**DIRECTIONS:** Locate, in the data below, the line that contains "Innrammet lerretsbilde i" and the line that contains "Không gian Passio"; reproduce exactly those two lines and every line between them, nothing more.
Segment Start: PROVIDED MATERIAL
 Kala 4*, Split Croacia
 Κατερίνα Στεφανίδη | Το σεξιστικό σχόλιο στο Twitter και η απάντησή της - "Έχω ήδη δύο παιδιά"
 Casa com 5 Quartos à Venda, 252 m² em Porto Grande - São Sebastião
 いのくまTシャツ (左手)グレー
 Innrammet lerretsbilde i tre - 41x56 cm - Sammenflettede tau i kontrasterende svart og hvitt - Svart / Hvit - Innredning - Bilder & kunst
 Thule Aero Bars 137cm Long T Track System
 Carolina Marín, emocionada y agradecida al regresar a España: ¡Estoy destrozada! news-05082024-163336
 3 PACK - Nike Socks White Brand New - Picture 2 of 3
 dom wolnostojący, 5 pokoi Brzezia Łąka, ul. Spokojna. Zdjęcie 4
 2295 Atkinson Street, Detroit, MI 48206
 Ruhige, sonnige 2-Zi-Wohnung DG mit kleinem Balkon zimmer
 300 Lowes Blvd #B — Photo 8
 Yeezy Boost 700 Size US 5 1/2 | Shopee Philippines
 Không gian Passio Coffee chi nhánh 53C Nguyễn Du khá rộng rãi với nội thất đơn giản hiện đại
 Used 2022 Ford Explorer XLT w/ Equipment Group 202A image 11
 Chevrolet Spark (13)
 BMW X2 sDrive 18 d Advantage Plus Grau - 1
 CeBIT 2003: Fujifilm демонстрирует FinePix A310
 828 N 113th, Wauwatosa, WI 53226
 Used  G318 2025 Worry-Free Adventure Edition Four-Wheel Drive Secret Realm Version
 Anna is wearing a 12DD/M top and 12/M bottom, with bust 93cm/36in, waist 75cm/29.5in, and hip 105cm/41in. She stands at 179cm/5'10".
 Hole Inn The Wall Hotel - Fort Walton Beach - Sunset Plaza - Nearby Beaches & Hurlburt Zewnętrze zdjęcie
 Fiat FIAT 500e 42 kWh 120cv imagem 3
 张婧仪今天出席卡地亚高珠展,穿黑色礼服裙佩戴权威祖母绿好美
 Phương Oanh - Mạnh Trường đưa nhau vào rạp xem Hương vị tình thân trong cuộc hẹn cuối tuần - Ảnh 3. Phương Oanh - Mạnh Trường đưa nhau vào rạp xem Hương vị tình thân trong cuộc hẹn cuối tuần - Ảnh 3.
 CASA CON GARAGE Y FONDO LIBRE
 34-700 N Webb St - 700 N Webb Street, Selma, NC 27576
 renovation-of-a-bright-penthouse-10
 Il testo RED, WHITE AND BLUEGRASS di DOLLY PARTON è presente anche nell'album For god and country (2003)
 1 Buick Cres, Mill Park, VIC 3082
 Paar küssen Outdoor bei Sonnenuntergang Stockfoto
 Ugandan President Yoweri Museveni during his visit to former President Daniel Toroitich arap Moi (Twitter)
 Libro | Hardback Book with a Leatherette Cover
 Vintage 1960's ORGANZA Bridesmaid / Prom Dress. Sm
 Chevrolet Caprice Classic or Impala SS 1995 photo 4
Segment End: PROVIDED MATERIAL
**THE COMPLETED TASK:**
 Innrammet lerretsbilde i tre - 41x56 cm - Sammenflettede tau i kontrasterende svart og hvitt - Svart / Hvit - Innredning - Bilder & kunst
 Thule Aero Bars 137cm Long T Track System
 Carolina Marín, emocionada y agradecida al regresar a España: ¡Estoy destrozada! news-05082024-163336
 3 PACK - Nike Socks White Brand New - Picture 2 of 3
 dom wolnostojący, 5 pokoi Brzezia Łąka, ul. Spokojna. Zdjęcie 4
 2295 Atkinson Street, Detroit, MI 48206
 Ruhige, sonnige 2-Zi-Wohnung DG mit kleinem Balkon zimmer
 300 Lowes Blvd #B — Photo 8
 Yeezy Boost 700 Size US 5 1/2 | Shopee Philippines
 Không gian Passio Coffee chi nhánh 53C Nguyễn Du khá rộng rãi với nội thất đơn giản hiện đại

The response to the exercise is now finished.